Case ID: ad3d_104/html/0746-01.html
Source: Caselaw Access Project
Author: {"author": "", "license": "Public Domain", "url": "https://static.case.law/"}
Date Created: 2024-08-24T03:29:51.129683

The People of State of New York, Respondent, v Dennis Perez, Appellant.
    [960 NYS2d 503]
   Appeal by the defendant, as limited by his brief, from so much of an order of the County Court, Suffolk County (Kahn, J.), dated March 9, 2012, as, after a hearing, designated him a level three sex offender pursuant to Correction Law article 6-C.

Ordered that the order is affirmed insofar as appealed from, without costs or disbursements.
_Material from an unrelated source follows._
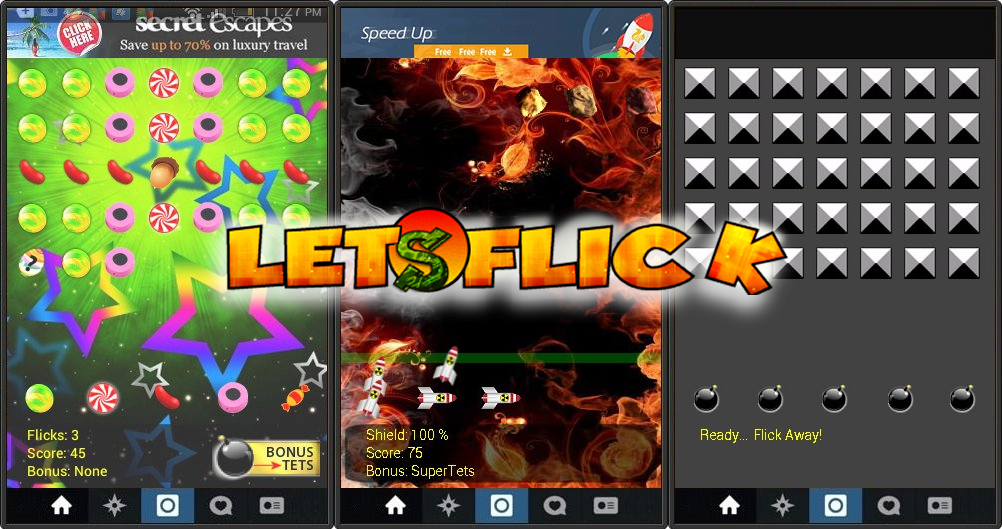 letsflick android puzzle arcade game screenshots
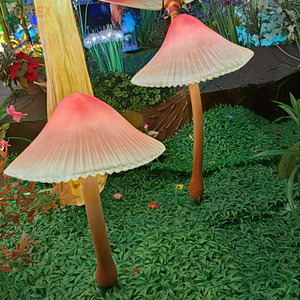 TOPREX fantasia fungo in resina ha portato luci notturne Decorative da giardino per la scena della foresta di fiabe decorazione romantica di nozze - Product Image 4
Contrary to the defendant’s contention, the County Court properly denied his request for a downward departure from the presumptive risk level three designation. A downward departure from a sex offender’s presumptive risk level generally is only warranted where there exists a mitigating factor of a kind, or to a degree, that is not otherwise adequately taken into account by the Sex Offender Registration Act Guidelines (see Sex Offender Registration Act: Risk Assessment Guidelines and Commentary at 4 [2006]; People v Watson, 95 AD3d 978, 979 [2012]). A defendant seeking a downward departure has the initial burden of “(1) identifying, as a matter of law, an appropriate mitigating factor, namely, a factor which tends to establish a lower likelihood of reoffense or danger to the community and is of a kind, or to a degree, that is otherwise not adequately taken into account by the Guidelines; and (2) establishing the facts in support of its existence by a preponderance of the evidence” (People v Wyatt, 89 AD3d 112, 128 [2011]).
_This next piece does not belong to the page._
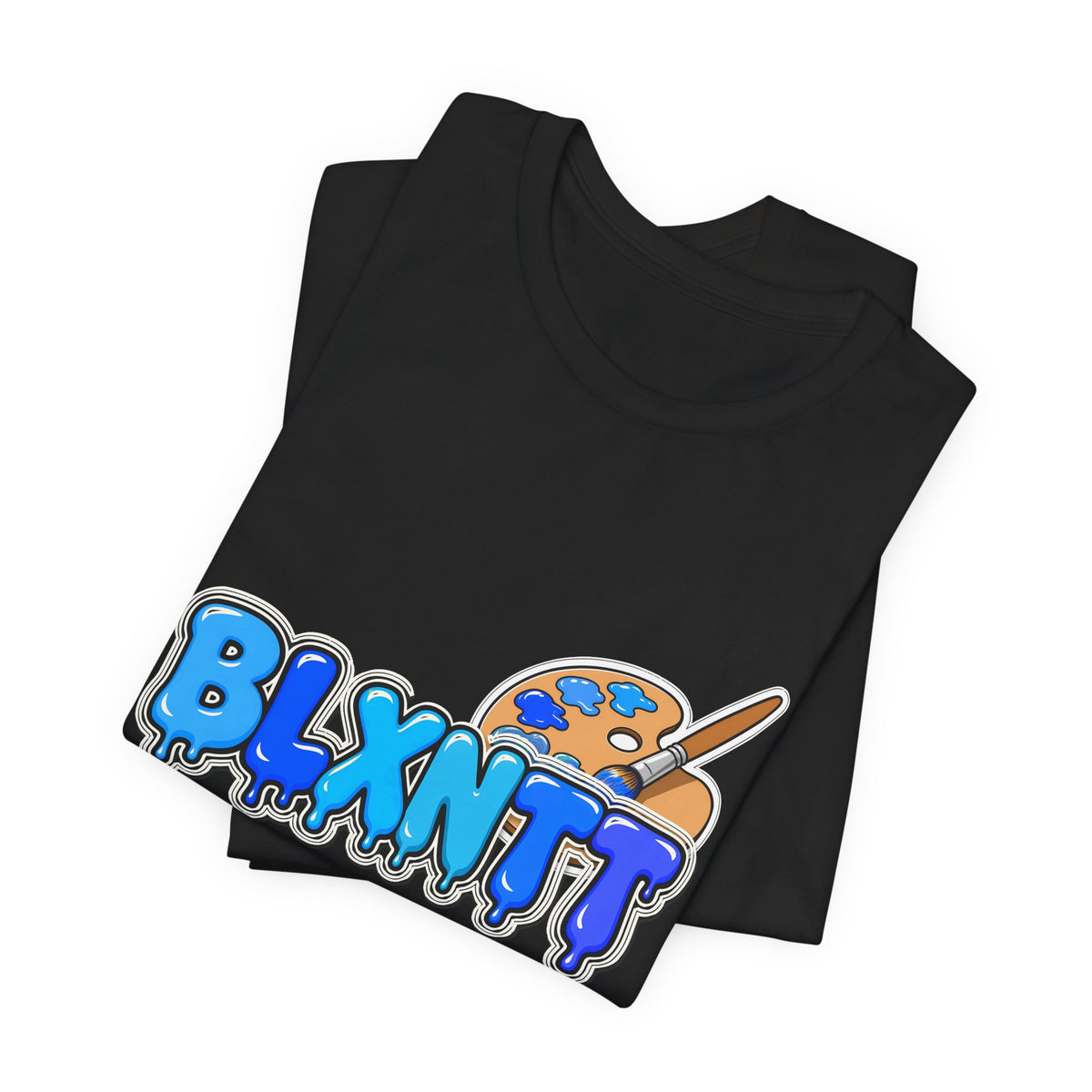 BLXNTT Paint Spill Tee - Blue (Black)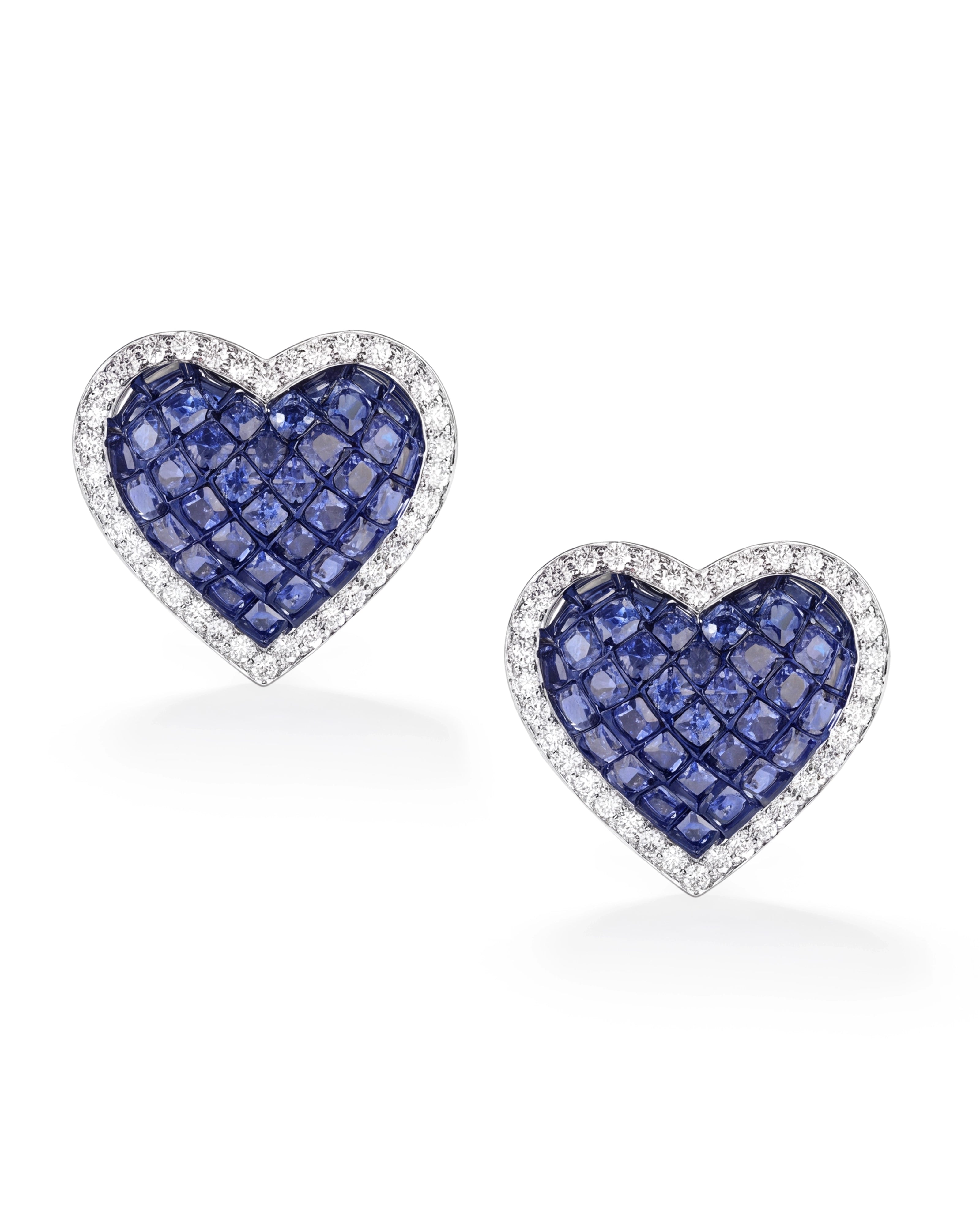 Amour Earrings (Blue) | AMARIS JEWELS | Fine Jewelry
Here, the defendant identified the existence of an appropriate mitigating factor that could provide a basis for a discretionary downward departure (see Sex Offender Registration Act: Risk Assessment Guidelines and Commentary at 17 [2006]; People v Watson, 95 AD3d at 979; People v Migliaccio, 90 AD3d 879, 880 [2011]; People v Washington, 84 AD3d 910, 911 [2011]). However, as the County Court found, the defendant failed to establish the facts in support of its existence by a preponderance of the evidence (see People v Watson, 95 AD3d at 979; People v Wyatt, 89 AD3d at 128). The materials submitted by the defendant did not show that his response to treatment was exceptional (see People v Watson, 95 AD3d at 979). Rivera, J.E, Angiolillo, Chambers and Roman, JJ., concur.